Task goal — Type the entries out again exactly as they read, but leave every picture behind.

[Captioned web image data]
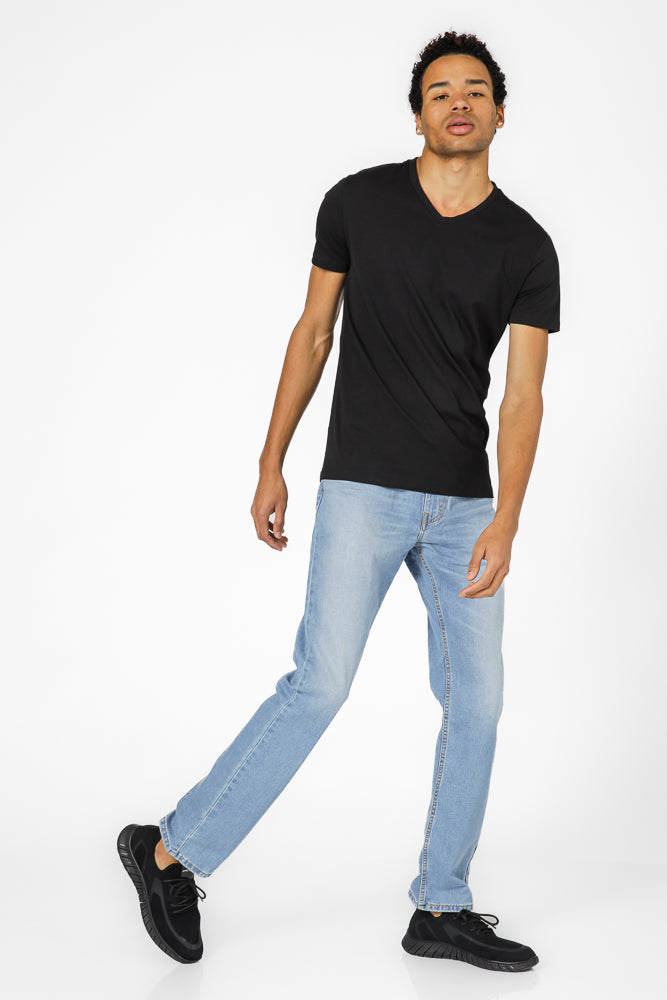 ג'ינס לגברים  511 SLIM TAP בצבע כחול בהיר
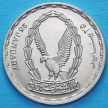Монета Египта 20 пиастров 1988 год. День полиции - 25 января.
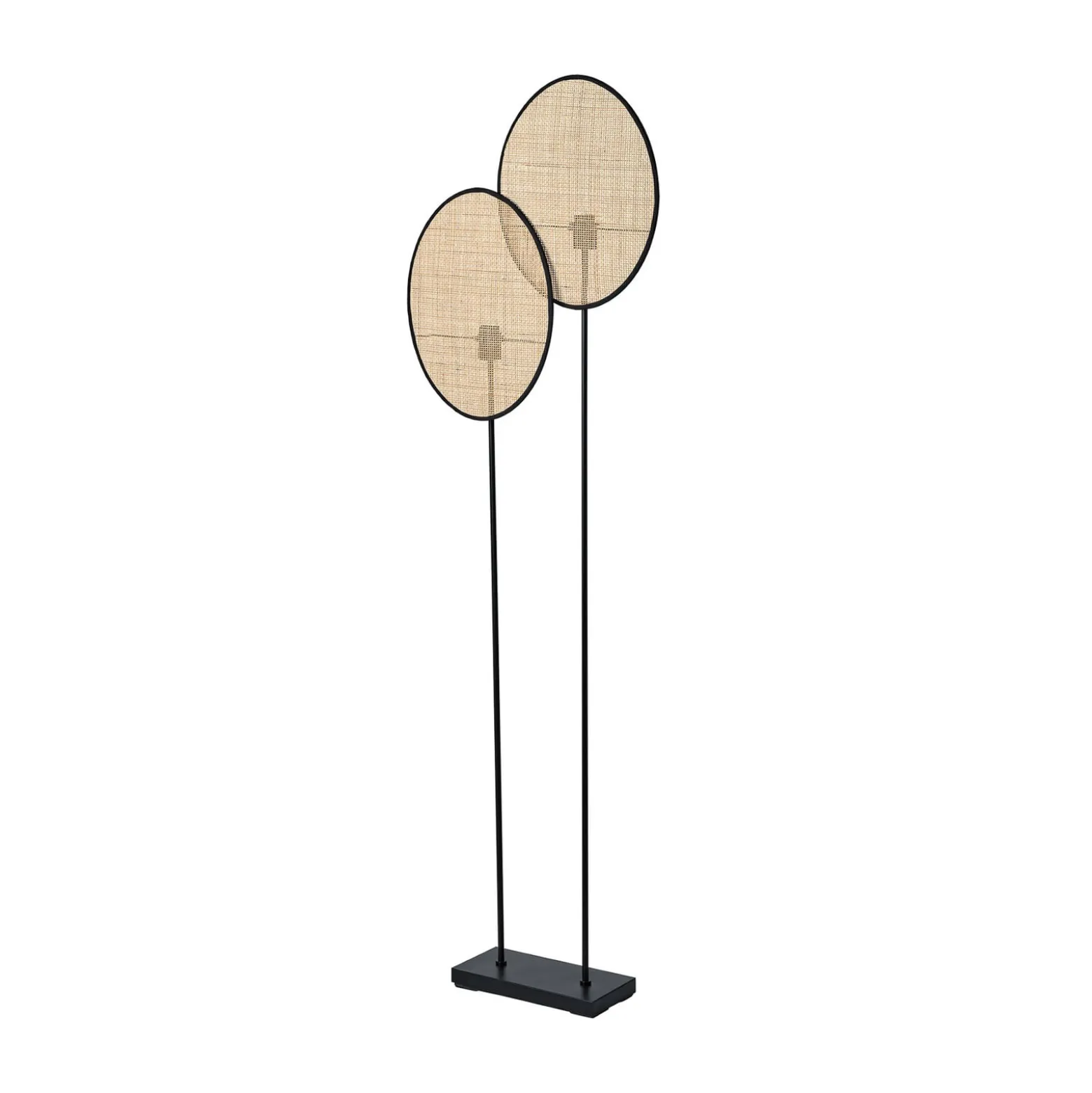OSRAM lattiavalaisin Decor Rattan Dandelion, 2-lamppuinen, beige, E27
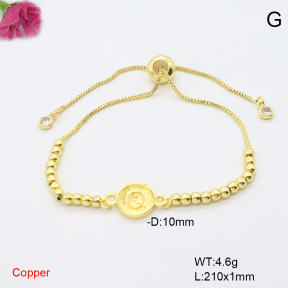 F6B200334aajl-L017  Fashion Copper Bracelet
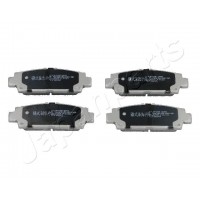 PP-265AF JAPANPARTS Комплект гальмівних колодок дисковий гальм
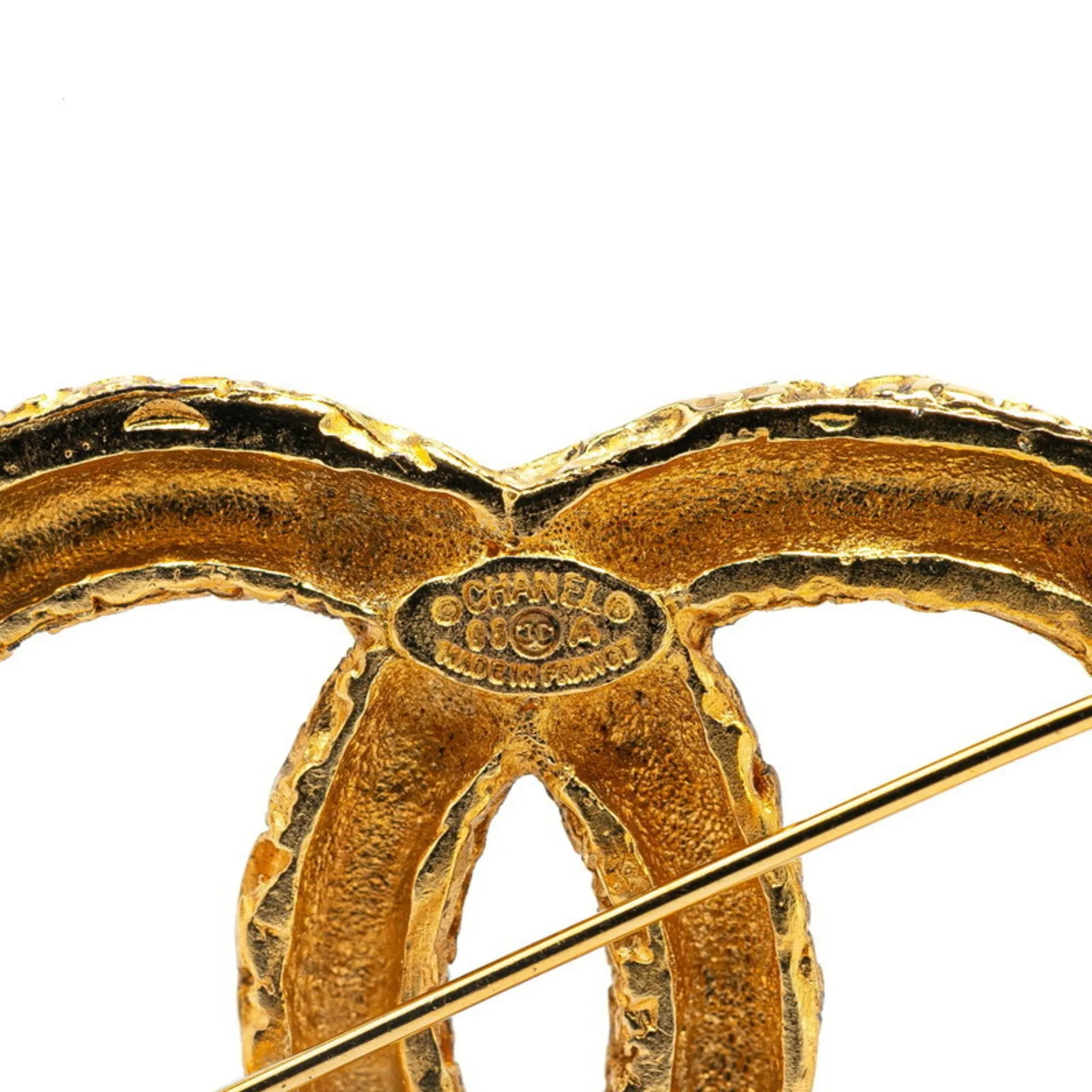 Chanel  Plating Brooch (Pre-Owned)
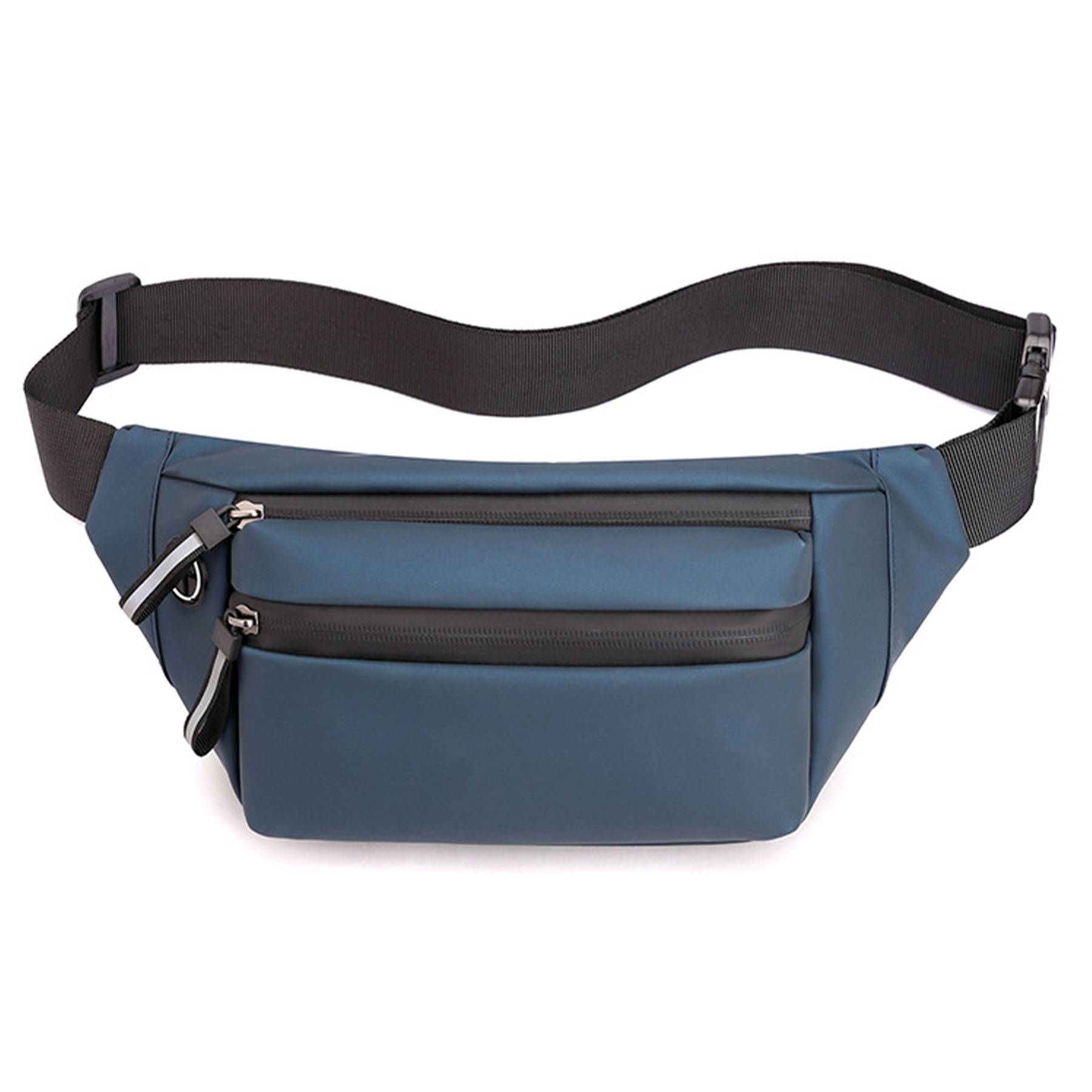 Nylon Large Capacity Fanny Pack for Women Men 4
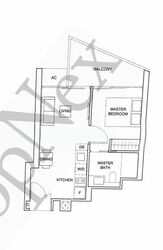 Commonwealth Towers (D3), Condominium #560053071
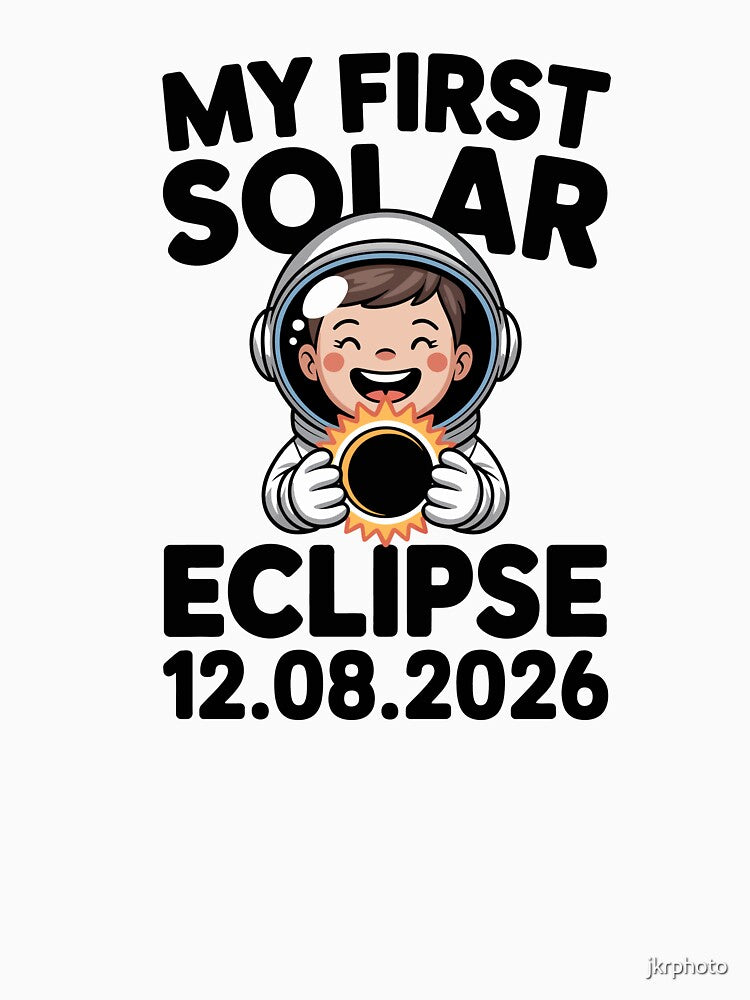 My First Solar Eclipse by jkrphoto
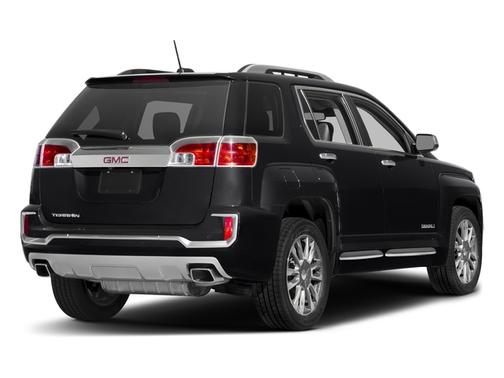 Ebony Twilight Metallic 2017 GMC Terrain Denali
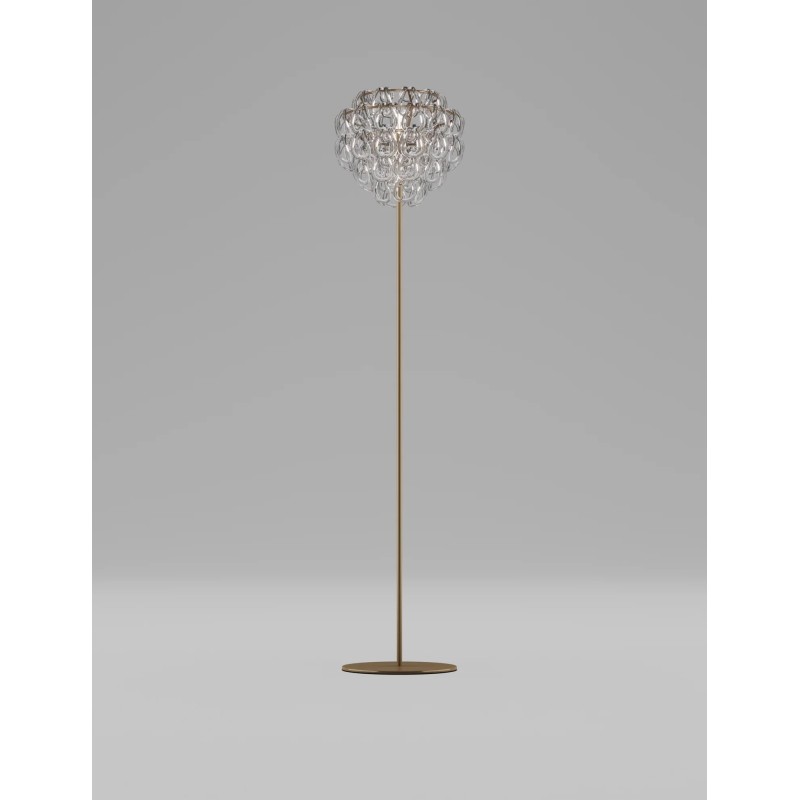 Giogali PT Struttura Bronzo Opaco Terra - Vistosi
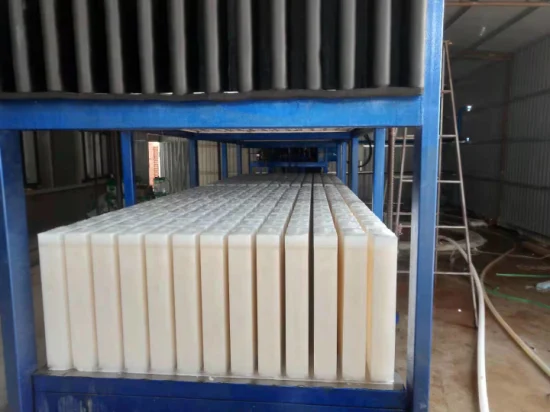 Macchina per la produzione di ghiaccio a blocchi containerizzata Thermojinn da 5 tonnellate al giorno in vendita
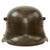 Original Imperial German WWI M16 Stahlhelm Army Helmet Shell with M17 Liner Band & Two Intact Pads - Marked ET64 Original Items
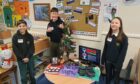 Inverlochy P7s Filip, Wiktor and Amira are the brains behind Bike from the Dead, just one of the school's new sustainable business projects.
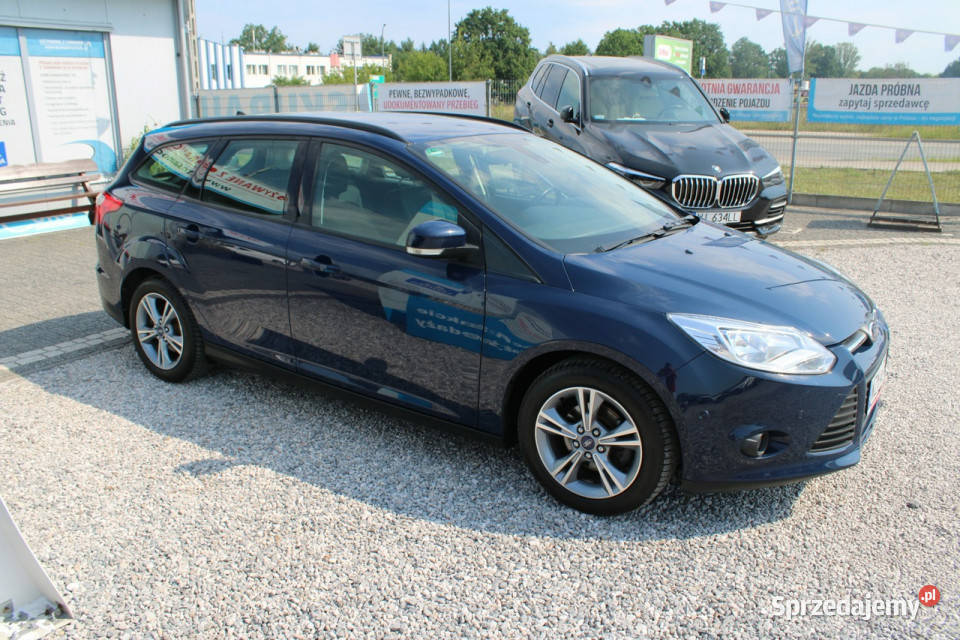 Ford Focus Gwarancja Salon Polska Kombi Tempomat 4/5 mazowieckie Warszawa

Expected output —
 ג'ינס לגברים  511 SLIM TAP בצבע כחול בהיר
Монета Египта 20 пиастров 1988 год. День полиции - 25 января.
OSRAM lattiavalaisin Decor Rattan Dandelion, 2-lamppuinen, beige, E27
 F6B200334aajl-L017  Fashion Copper Bracelet
 PP-265AF JAPANPARTS Комплект гальмівних колодок дисковий гальм
 Chanel  Plating Brooch (Pre-Owned)
 Nylon Large Capacity Fanny Pack for Women Men 4
 Commonwealth Towers (D3), Condominium #560053071
 My First Solar Eclipse by jkrphoto
 Ebony Twilight Metallic 2017 GMC Terrain Denali
 Giogali PT Struttura Bronzo Opaco Terra - Vistosi
 Macchina per la produzione di ghiaccio a blocchi containerizzata Thermojinn da 5 tonnellate al giorno in vendita
 Original Imperial German WWI M16 Stahlhelm Army Helmet Shell with M17 Liner Band & Two Intact Pads - Marked ET64 Original Items
 Inverlochy P7s Filip, Wiktor and Amira are the brains behind Bike from the Dead, just one of the school's new sustainable business projects.
 Ford Focus Gwarancja Salon Polska Kombi Tempomat 4/5 mazowieckie Warszawa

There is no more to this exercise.